Gorsuch Faces Telling Moment With 15-Year-Old’s Essay on Korematsu

SAN FRANCISCO (CN) – During an awards ceremony Monday at the Ninth Circuit Judicial Conference in San Francisco, new Supreme Court Justice Neil Gorsuch heard a 15-year-old student winner of a civics contest compare President Trump’s travel ban to what is widely regarded as a shameful moment in American legal history when Japanese-Americans were forced into internment camps.

The student, Olivia Tafs, traveled from Anchorage, Alaska, to receive an award as part of the four-day Ninth Circuit Judicial Conference being held in San Francisco. Olivia wrote an essay about the landmark Supreme Court Case Korematsu v. United States.

Korematsu, which was ultimately decided in favor of the United States, held that it was constitutional for the United States government to round up and imprison U.S. citizens of Japanese descent in the interest of national security during World War II.

The student’s sophisticated essay not only criticized the decision as an unfortunate example of the U.S. judicial system’s falling prey to racism, but also drew a parallel to Trump’s travel ban on individuals from six Muslim-majority countries.

Gorsuch, who will decide the constitutionality of Trump’s travel ban with his Supreme Court colleagues later this year, presented Olivia and other students with awards. He deftly avoided commenting on the substance of the essay, contenting himself with praising Olivia’s interest in the history of the judicial branch and the American government in general.

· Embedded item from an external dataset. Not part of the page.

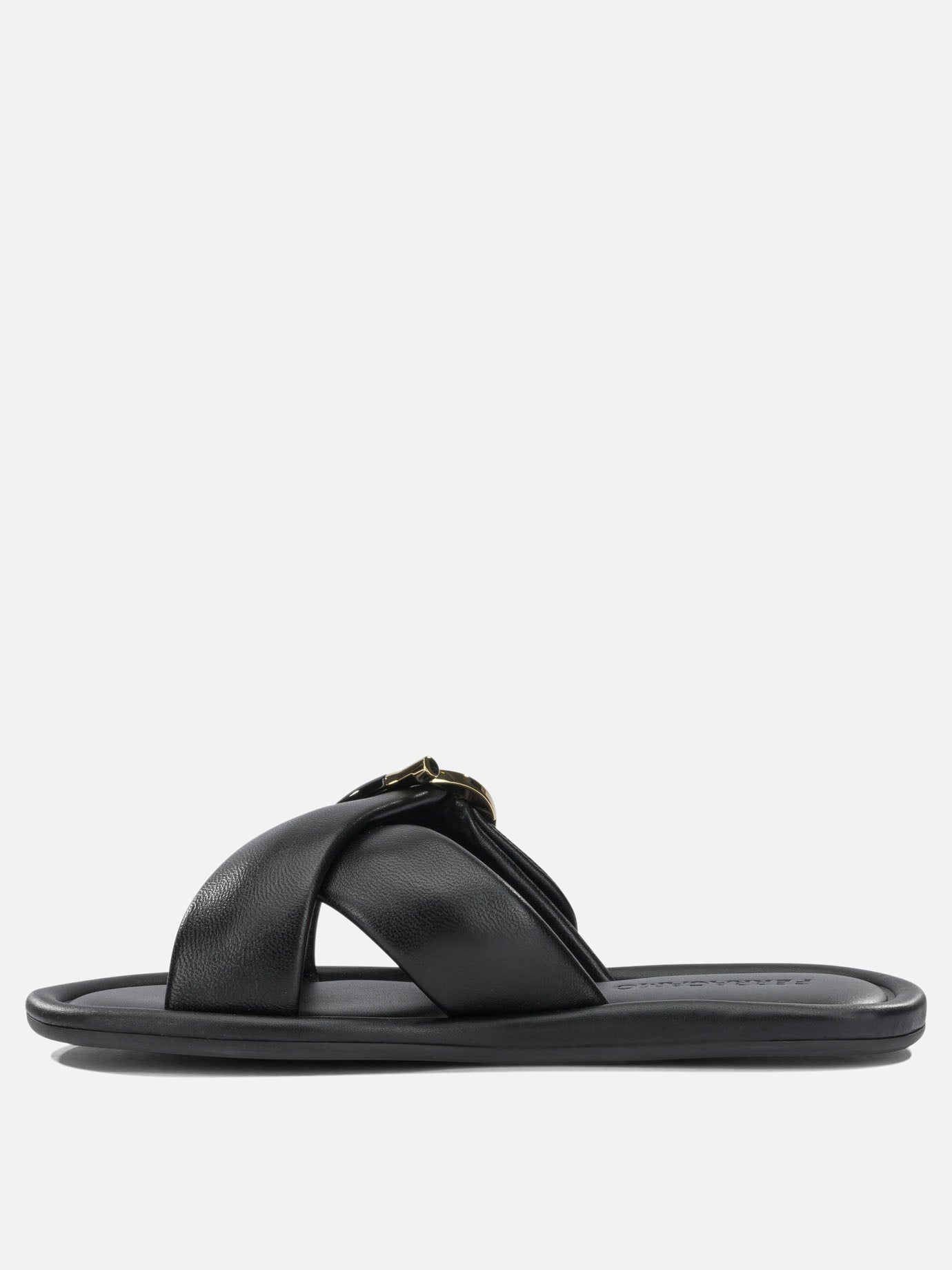 Slides 0793710  Black - Ferragamo Women | PDP | VIETTI Online Store | thumbnail_3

“We spend a lot of time talking about the depressing state of civics in general, but moments like this are heartening for me,” Gorsuch said during the presentation.

But Gorsuch’s position is awkward, given he was appointed by the very president whom the student decried for what she asserted was a policy with overt racial injustice.

Gorsuch was filling in for Justice Anthony Kennedy, an ardent supporter of civics education slated to speak at the event, who backed out when his wife Mary broke her hip in Salzburg, Austria.

“Kennedy wishes he could be here,” Gorsuch told the room.

During the panel discussion on civics education, where Gorsuch joined a host of other federal judges, moderator Kathleen Hall Jamieson of the University of Pennsylvania’s Annenberg School for Communication said only 26 percent of the American public can properly identify the three branches of government – legislative, executive and judicial.

Gorsuch and others said this paucity of civics knowledge should serve as a reminder that democracy depends on an informed citizenry.

“It’s a really healthy reminder that self-government is not self-sustaining or self-perpetuating, but depends on all of us playing a role to keep it,” he said.

Jamieson asked Gorsuch what aspect of the court system is poorly understood. He said the degree to which judges find consensus and agreement is vastly underplayed by the public and the media.

“Only 5 percent of all the cases filed in the federal system are appealed,” Gorsuch said. He added that though the Supreme Court has nine justices nominated by six different presidents with different worldviews, they manage to make unanimous decisions just over 40 percent of the time.

“We have an amazing rule of law I think, and it’s remarkably effective, sturdy and accepted,” Gorsuch said. “The judiciary offers resolution of social disputes in a peaceful way with the use of reason, and most of the decisions end up unanimous.”

Second Circuit Chief Circuit Judge Robert Katzmann said the idea of partisanship in the judiciary is corrosive to public faith. He blamed the media for making too much out of which judge was appointed by which president to explain legal conclusions.

“It reinforces the idea that being a judge is a partisan activity,” Katzmann said during the afternoon panel. “In most cases, differences of opinions arise between judges but to constantly reduce those differences to partisan differences cannot be and should not be.”

The admonition was ironic given Gorsuch’s nomination involved a bitterly partisan fight that came after the Republican-controlled Senate refused to consider President Barack Obama’s nomination of Merrick Garland for nearly a year – and then changed the Senate rules to approve Gorsuch’s nomination along mostly partisan lines.

While Gorsuch downplayed the media’s fixation on the 5-4 Supreme Court votes as a rarity, some of the most important decisions with widespread ramifications – including Citizens United and the Bush v. Gore decision that decided the 2000 election were decided by a deeply divided court.

The panel also featured Ninth Circuit Chief Circuit Judge Sidney Thomas; U.S. Senior District Judge and president of the Federal Judges Association Marilyn Huff; and U.S. Magistrate Judge Michael Newman, also president of the Federal Bar Association.